Pakistan seeks international help as millions hit by ongoing monsoon spells
KARACHI, Pakistan (AA) – Pakistan government has sought the international community’s help to cope with the destruction caused by floods in the country.
The magnitude of the abnormal rains and flooding has prompted cash-strapped Pakistan to launch a global appeal to raise funds to meet the needs of the growing number of affected people.
The European Union has already announced a donation of 76 million rupees (approximately $350,000) to the country’s flood victims.
The calamity is being seen as bigger than the 2010 floods that inundated a fifth of Pakistan and killed over 2,000 people.
Prime Minister Shehbaz Sharif has appealed to the nation to assist flood victims, stating that the government needed hundreds of billions of rupees for relief and rehabilitation.
Another 15 people lost their lives on Wednesday in southern and southwestern Pakistan as a fresh rain system triggering massive flooding.
The majority of fatalities have been reported in Sindh, where at least 30 districts have been raked by the ongoing monsoon rains.
The massive downpours added to the miseries of hundreds of thousands of people who have had to leave their homes and move to higher grounds in several parts of the country.
Raging flash floods flowing down from the Sulieman mountain range inundated hundreds of villages in northeastern Punjab and eastern Balochistan, triggering fresh migrations.
Citing government officials, Geo News reported that at least 10,000 people migrated to safer places in Punjab’s Dera Ghazi Khan and Rajanpur districts due to the latest flooding.
Footage showed people wading through gushing rainwaters to reach safety in several parts of Balochistan’s eastern districts of Sibbi, Kohlu, Chaghi, Jaffarabad, and Naseerabad, and Sindh’s southern district of Badin, Thatta, Mirpur Khas, Sanghar, and Hyderabad.
Another footage showed desperate victims crying for help, shelter and food in several rain-hit areas.
Over the past two days, rescue teams from the Pakistan Army and several non-governmental organizations moved thousands of marooned people to shelter camps and safer places by boats.
Crowds of people were seen running wildly to grab packets of food and water bottles dropped from the army and air force planes.
600% more rains than last year
Sindh has turned out to be the hardest hit by the latest spells, with hundreds of thousands affected by the fresh rain spells and flooding.
“The entire province of Sindh is submerged. It looks like a river. It’s never been like this before,” Sindh Chief Minister Syed Murad Ali Shah said at a press conference in Sukkur on Wednesday.
He added that the province received 600% more rain in August than the previous year.
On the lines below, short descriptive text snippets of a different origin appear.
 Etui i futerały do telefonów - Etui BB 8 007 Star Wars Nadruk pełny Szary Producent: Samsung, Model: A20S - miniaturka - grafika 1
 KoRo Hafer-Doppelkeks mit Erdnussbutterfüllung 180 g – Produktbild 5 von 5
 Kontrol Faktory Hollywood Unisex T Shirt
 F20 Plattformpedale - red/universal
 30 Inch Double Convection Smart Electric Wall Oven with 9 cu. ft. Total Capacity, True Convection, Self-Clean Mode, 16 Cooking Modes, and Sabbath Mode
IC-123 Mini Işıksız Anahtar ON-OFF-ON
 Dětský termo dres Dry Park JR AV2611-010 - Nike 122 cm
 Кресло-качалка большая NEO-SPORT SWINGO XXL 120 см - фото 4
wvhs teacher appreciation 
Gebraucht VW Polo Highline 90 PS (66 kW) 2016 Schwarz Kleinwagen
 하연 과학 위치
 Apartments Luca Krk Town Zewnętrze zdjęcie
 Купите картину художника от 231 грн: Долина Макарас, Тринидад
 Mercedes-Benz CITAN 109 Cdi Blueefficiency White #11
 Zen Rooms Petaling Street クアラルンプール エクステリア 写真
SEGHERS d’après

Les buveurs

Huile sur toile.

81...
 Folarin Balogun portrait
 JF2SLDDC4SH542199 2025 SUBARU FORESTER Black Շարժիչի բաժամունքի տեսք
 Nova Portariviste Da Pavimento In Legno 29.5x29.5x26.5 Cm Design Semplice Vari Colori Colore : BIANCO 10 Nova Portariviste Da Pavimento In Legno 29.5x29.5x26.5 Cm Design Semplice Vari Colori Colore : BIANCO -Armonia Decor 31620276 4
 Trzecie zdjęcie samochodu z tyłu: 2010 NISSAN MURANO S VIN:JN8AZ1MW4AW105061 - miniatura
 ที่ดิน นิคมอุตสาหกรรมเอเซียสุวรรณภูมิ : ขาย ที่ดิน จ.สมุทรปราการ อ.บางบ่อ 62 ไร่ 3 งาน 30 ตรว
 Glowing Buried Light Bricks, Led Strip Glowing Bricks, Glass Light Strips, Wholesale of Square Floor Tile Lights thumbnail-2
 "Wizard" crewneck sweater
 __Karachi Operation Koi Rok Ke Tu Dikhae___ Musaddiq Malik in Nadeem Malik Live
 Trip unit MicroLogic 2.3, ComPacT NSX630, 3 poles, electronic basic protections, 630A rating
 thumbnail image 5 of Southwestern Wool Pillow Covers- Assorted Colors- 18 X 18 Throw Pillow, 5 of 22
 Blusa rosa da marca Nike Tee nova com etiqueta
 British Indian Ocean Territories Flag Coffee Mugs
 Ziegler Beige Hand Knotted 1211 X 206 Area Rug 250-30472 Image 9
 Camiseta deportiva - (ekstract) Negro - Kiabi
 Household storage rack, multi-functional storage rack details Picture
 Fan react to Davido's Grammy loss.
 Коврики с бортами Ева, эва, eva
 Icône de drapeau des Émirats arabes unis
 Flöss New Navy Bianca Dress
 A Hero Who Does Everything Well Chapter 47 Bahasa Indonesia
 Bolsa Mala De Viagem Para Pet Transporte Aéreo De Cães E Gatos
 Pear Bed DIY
“We are running out of food, tents, and even firewood (to cook the food for victims). Several districts are without gas and electricity,” he said, adding that at least one million tents are immediately required for the victims who are lying under open skies.
He urged non-governmental organizations and philanthropists to join hands with the government, saying the “catastrophe is beyond imagination.”
He said that since June rains and flooding had killed over 300 people in Sindh alone.
In Balochistan, the latest flooding washed away several alternative roads and bridges, disconnecting many areas from the rest of the country.
Traffic between Quetta, Balochistan’s capital, and Karachi, the nation’s commercial capital, remained suspended for the eighth consecutive day.
Hundreds of farms and orchards have been submerged in Balochistan, which serves as the country’s “fruit basket.”
Since June 14, around 850 people have lost their lives and another 1,350 have been injured due to roof collapses, electrocution, drowning, and lightning across the country, according to the National Disaster Management Authority, a state-run agency that coordinates relief and rescue efforts.
The Meteorological Department of Pakistan has forecast massive rains for the next 48 hours.